Szlęzak matole zwolnią Cię kibole i Dorosz ci nie pomoże.
Komunistyczni agitatorzy i kłamcy.

pawel777666

hahahaha smiech2 zaorać to boisko i zrobić parking a kiboli w wagony i na sibir.

~janek

Paweł otrząśnij się chłopieumiech całowanie grubasa w dupę to mało merytoryczna propozycja. Może jakieś konkrety na obronę tego nieudacznika ?
Typowo złodziejskie rządy platformy i komunistów panują w naszym mieście,a Szlęzak udaje narodowca z komunistami w tle.
W tym mieście wszystko stoi na głowie, więc nie ma się co dziwić że na stadionie jest burdel

~maciek

To nie jest kwestia kibiców, czy posiadania drużyny, to sa tematy poboczne. Głównym tematem jest jak Szlęzak prowadzi w mieście inwestycje według własnego widzimisie i bez pojęcia. Wszystko musi być tak jak on chce, a zazwyczaj są to durne pomysły. Dla przykładu wielka biblioteka międzyuczelniana bez książek w której Bóg wie co będzie, inkubator dla kolesi, park przy torach za 8 milinów z chodnikami i mostkami granitowymi. Nie ważne czy coś ma sens-ważne że ma być tak jak chce jeden jegomość.
Czy to się prezydentowi i komukolwiek z jego otoczenia podoba stadion jak każdy inny obiekt jest wizytówką miasta.

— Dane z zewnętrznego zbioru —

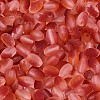 Frosted Glass Seed Beads SEED-N008-05E-3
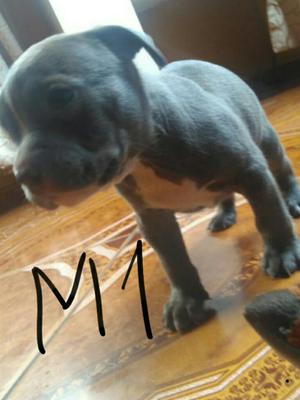 American Bully Ocacion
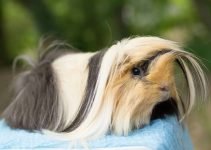 Marmut Peruvian, Spesies Mahal yang Memikat Pecinta Hewan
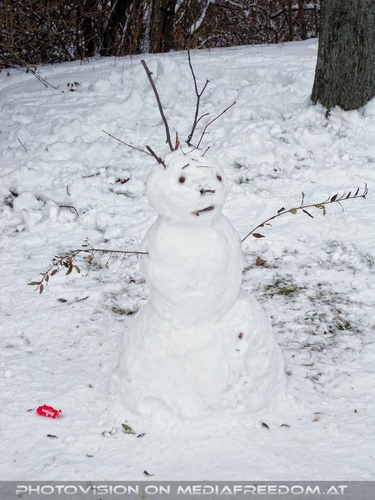 Winterlich 27 Schneemann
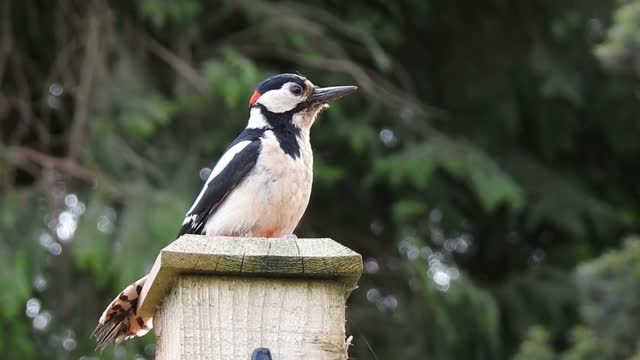 Woodpecker Bird Garden Friend Watching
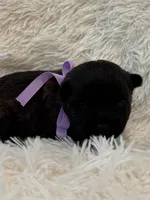 Purple collar, a female Cairn Terrier for sale in Carrollton, OH – 2 of 3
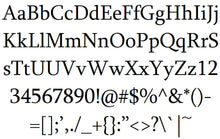 Load image into Gallery viewer, Stainless Steel ID Horsehair Bracelet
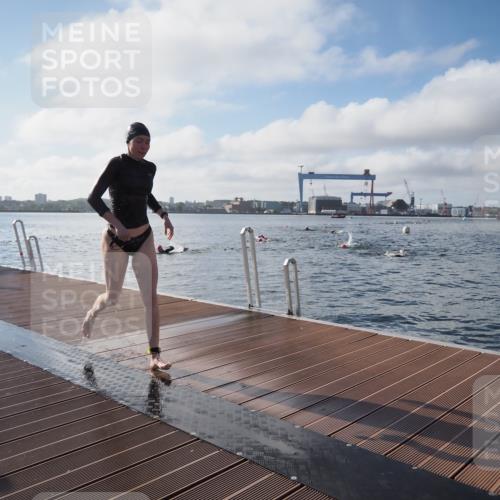 17.08.2025 - KN Förde Triathlon 2025 KatJ http://msf.ph/oto/8576968 17.08.2025 09:15:41 Schwimmen 131, 131, 141 meine-sportfotos.de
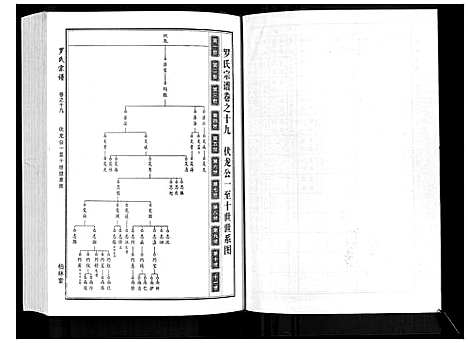 [下载][罗氏宗谱]湖北.罗氏家谱_九.pdf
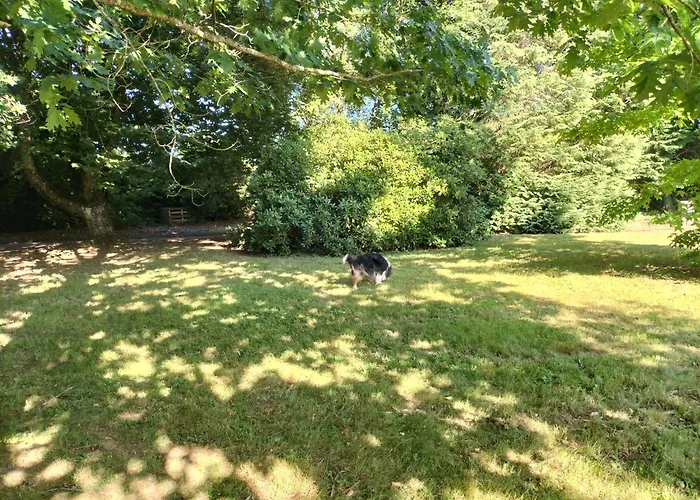 Appartement Maison A 8 Min De Saint En Lieu Calme Proche Nature Lacs, Foret, Parcs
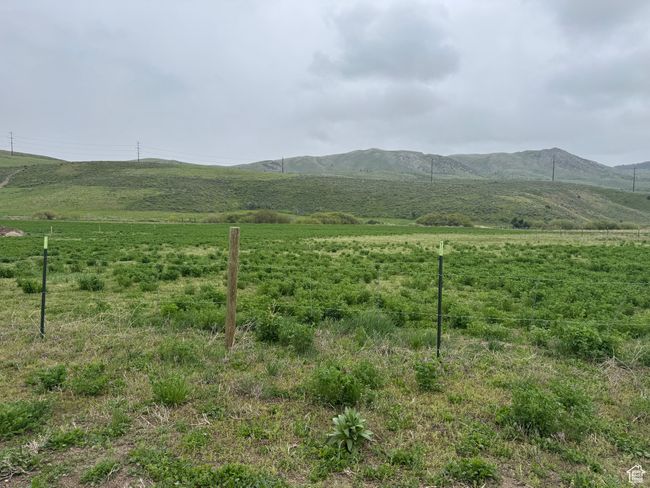Mountain view featuring rural landscape and creek | Image 26
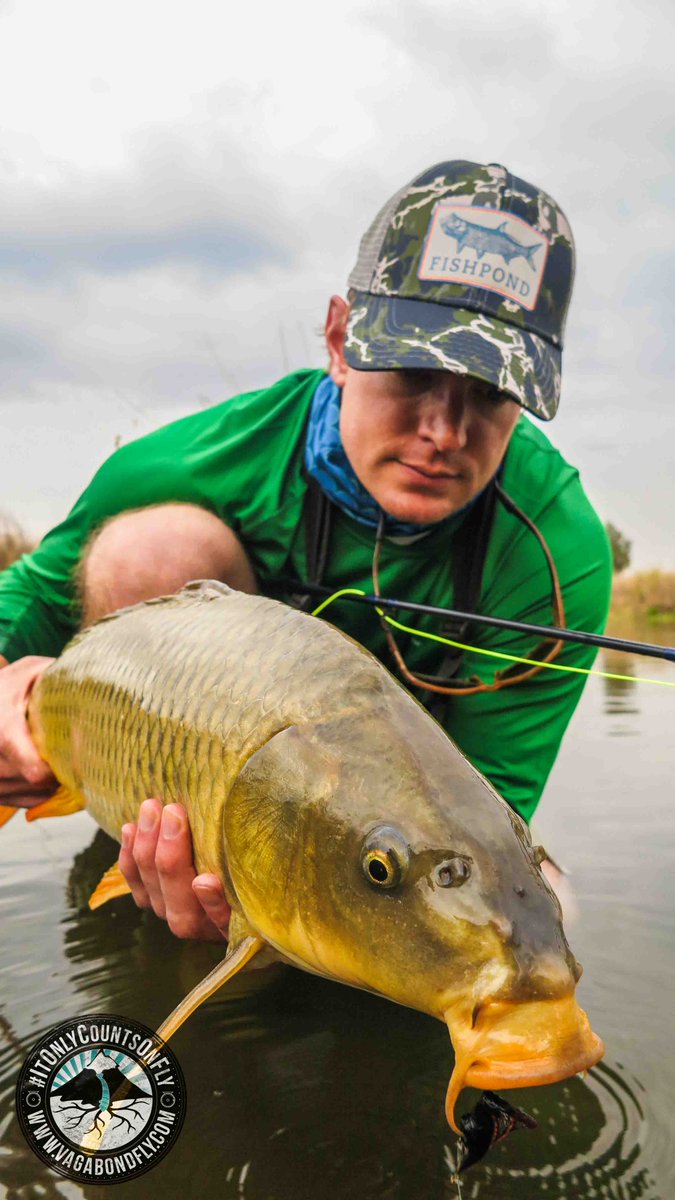 VagabondFly's tweet photo. Rubber tail matched by rubber lips! Mick Jagger would be proud: but how do you target #Carp in the winter? #YourTip https://t.co/xswZqXfSOx
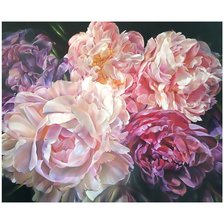 Схема вышивки «Пионы.»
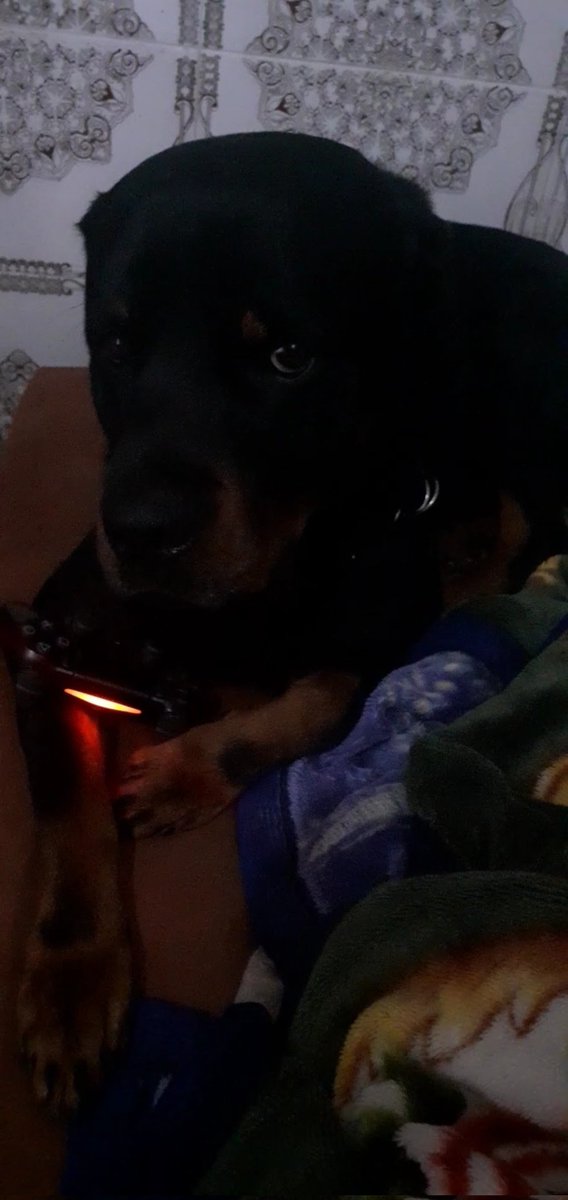 NOT_KADE_BTW's tweet photo. Hello @Minecraft , last year i lost my rottweiler (hasinki) due to cancer, it was really painful since he was my gaming buddy, since new wolf skin is there i would really appreciate it if you added rottweiler skin to Minecraft so i can have him in Minecraft. https://t.co/FQkfvPK1Wm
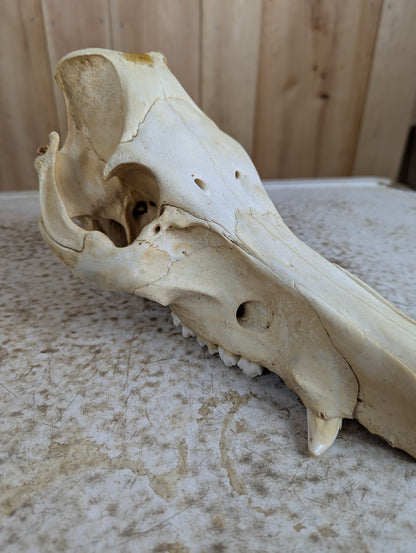 Authentic Pig Skull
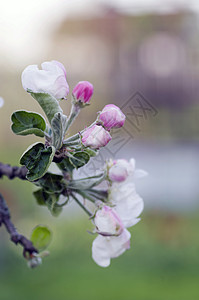 苹果树开花 苹果花贴近花园植被水果叶子农场季节园艺花瓣植物群生长图片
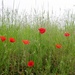 Poppies in the field by lellie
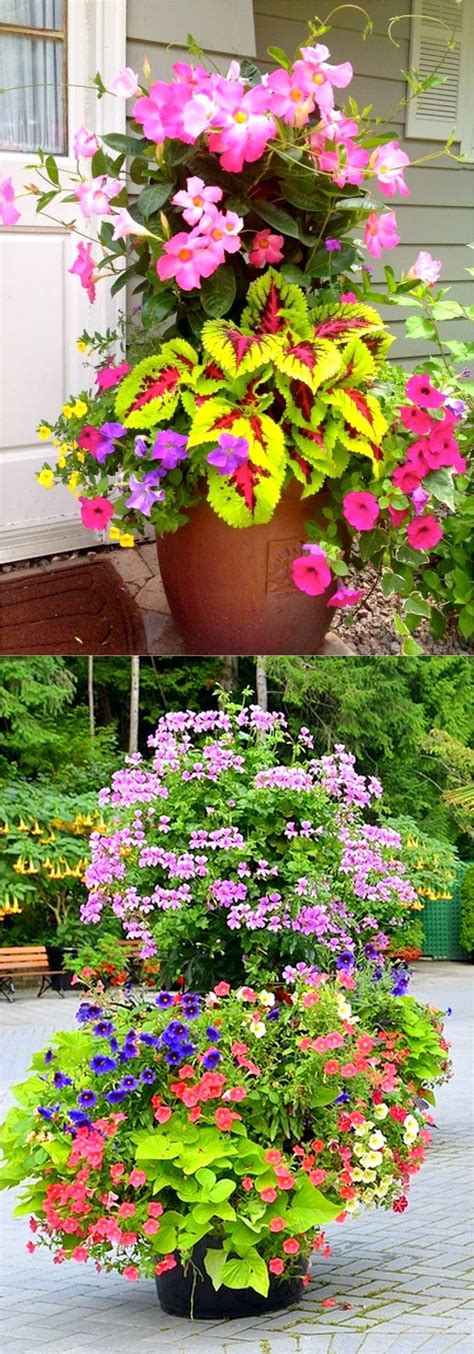Colorful Flower Gardening In Pots 38 Designer Plant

Ten w Stalowej Woli najlepiej obrazuje rządy naszego nieudacznika.

~paweł

Wy wszyscy przeciwnicy którzy wypisujecie nieprawdziwe brednie na obecnego Prezydenta możecie go pocałować w zadek, aby było szybciej
to po kilku na raz bo miejsca jest dożo.

~edek

cccc skąd ty się wziąłeś ? Już dawno było wiadomo że dach przeprojektowano tzn skrócono tylko nie jestem pewny czy o 6 czy o 3 metry. Poza tym miał być cały szklany, ale później zmieniono na blachę. Dlatego niektórzy określają stadion mianem blachoareny umiech

kesiek

babcia, to nie wina ludzi, że tak się dzieje ,a Ślęzaka, który chce zniszczyć sport w Stalowej Woli koszykówkę już zniszczył, a teraz myśli, że wyjdzie mu z Piłką, ale jakoś nie idzie po jego myśli, bo robił wszystko , żeby stalowa nie utrzymała się w starej II lidze, a, jednak zagrali mu na nosie i się utrzymali. Tego pana dni są policzone i oby do Jesieni i niech zabiera się z Urzędu Miasta, a wraz z, nim mini Biblioteka, którą sobie zgromadził w swoim Biurze.

~tak

nie zgodzę się, ze rezygnacja z jakichkolwiek rozgrywek w Stalowej jest dobrym rozwiązaniem. Dla niektórych to na prawdę ważne wydarzenia, trochę zabawy, emocji i wspierania naszych graczy. Jestem pewna, że informacja o zakończeniu budowy stadionu (takiej, że spełnia jakieś wymogi i w końcu mecze mogą wyglądać normalnie) ucieszyła wiele osób, ale jak widać problemów nie maleje. czekam już długo choć nadal z niecierpliwością i mam nadzieję, że niedługo będzie wszystko w porządku.

~cccc

A skad informacja ze skrocono dach? Przez tyle lat nikt o tym nie napisal a teraz nagle lament? Cos mi sie zdaje ze to wymysł.

~dziadek

~babcia - ale to nie kibice są odpowiedzialni za BUBEL ARENĘ i wyrzucanie milionów w błoto. Łatwo można zmieszać ich z błotem, wyzwać i zwalić odpowiedzialność jak to robi Prezydent.

~babcia

Dla dobra mieszkańców St.Woli, zrezygnować z piłki nożnej w tym mieści. Wreszcie elewacje budynków będą czyste a nie napisy "Stalówka Pany".Jaka w tym przyjemność patrzeć jak 20 gości biega za balonem.

~babcia

Dla dobra mieszkańców St.Woli, zrezygnować z piłki nożnej w tym mieści. Wreszcie elewacje budynków będą czyste a nie napisy "Stalówka Pany".Jaka w tym przyjemność patrzeć jak 20 gości biega za balonem.